Just around the corner is an age in which we will be compelled to say that bygone are the days when a photograph was a true depiction of reality. Though photo editing software made its debut in the late 1980s and was limited largely to the advertising industry, the creation and circulation of ‘fake’ images did not achieve currency until a few more decades later. Fast forward to the entry of Artificial Intelligence (AI) and leap frog to the world of Generative AI, things have gone for a toss, especially when it comes to distinguishing between the real and the fake images.

All one need is a capable smartphone to churn out digitally altered images. Deleting a few onlookers from a vacation selfie may be innocuous, but adding disturbing elements to an otherwise normal image is not. For example, the new feature on the Pixel 9 series is way too good at creating disturbing imagery — and the safeguards in place are far too weak, pointed out tech reviewer Allison Johnson, who has a special interest in mobile photography and telecom, writing in The Verge the other day. Google is the latest phone company this year to announce AI photo editing tools, following Samsung’s sketch-to-image feature and Apple’s Image Playground coming this fall. The Pixel 9 has a new tool called Reimagine, and after using it for a week with a few of her colleagues, Allison says she is more convinced than ever that none are ready for what’s coming.

Reimagine is a logical extension of last year’s Magic Editor tools, which lets one select and erase parts of a scene or change the sky to look like a sunset. But in Reimagine, one can select any nonhuman object or portion of a scene and type in a text prompt to generate something in that space. The results are often very convincing and even uncanny. One can add fun stuff, but that’s not the problem, according to Allison. A couple of her colleagues helped her test the boundaries of Reimagine with their Pixel 9 and 9 Pro review units, and they got it to generate some very disturbing things. Some of this required some creative prompting to work around the obvious guardrails. “If you choose your words carefully, you can get it to create a reasonably convincing body under a blood-stained sheet,” Allison wrote.

In their week of testing, they added car wrecks, smoking bombs in public places, sheets that appear to cover bloody corpses, and drug paraphernalia to images. That seems bad. But what is worse is that the software comes built into a phone that can be bought from a store. According to Allison, what’s most troubling about all of this is the lack of robust tools to identify such content on the web. “Our ability to make problematic images is running way ahead of our ability to identify them. When you edit an image with Reimagine, there’s no watermark or any other obvious way to tell that the image is AI-generated — there’s just a tag in the metadata.
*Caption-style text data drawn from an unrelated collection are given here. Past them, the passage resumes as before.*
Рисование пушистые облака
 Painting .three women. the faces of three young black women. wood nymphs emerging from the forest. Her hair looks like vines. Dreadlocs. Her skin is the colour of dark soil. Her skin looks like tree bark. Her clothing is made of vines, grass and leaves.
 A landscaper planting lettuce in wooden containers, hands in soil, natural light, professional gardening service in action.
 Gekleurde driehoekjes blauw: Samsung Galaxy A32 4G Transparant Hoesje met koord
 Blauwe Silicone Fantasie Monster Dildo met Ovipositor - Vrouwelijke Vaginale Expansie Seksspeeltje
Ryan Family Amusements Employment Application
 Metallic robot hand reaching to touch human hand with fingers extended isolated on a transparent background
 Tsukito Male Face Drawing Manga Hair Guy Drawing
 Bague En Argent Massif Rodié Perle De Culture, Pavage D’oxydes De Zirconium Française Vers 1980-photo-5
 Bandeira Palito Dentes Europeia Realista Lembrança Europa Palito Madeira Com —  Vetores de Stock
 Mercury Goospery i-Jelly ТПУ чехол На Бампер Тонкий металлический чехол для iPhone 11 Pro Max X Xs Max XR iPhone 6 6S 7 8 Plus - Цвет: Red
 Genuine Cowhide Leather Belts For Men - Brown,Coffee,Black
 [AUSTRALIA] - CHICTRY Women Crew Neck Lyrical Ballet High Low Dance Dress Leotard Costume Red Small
That’s all well and good, but standard metadata is easily stripped from an image simply by taking a screenshot.”

When Allison and the team asked Google for comment on the issue, company spokesperson Alex Moriconi responded with the following statement: “Pixel Studio and Magic Editor are helpful tools meant to unlock your creativity with text to image generation and advanced photo editing on Pixel 9 devices. We design our Generative AI tools to respect the intent of user prompts and that means they may create content that may offend when instructed by the user to do so. That said, it’s not anything goes. We have clear policies and Terms of Service on what kinds of content we allow and don’t allow, and build guardrails to prevent abuse. At times, some prompts can challenge these tools’ guardrails and we remain committed to continually enhancing and refining the safeguards we have in place.” Is this reassuring enough? The jury is out.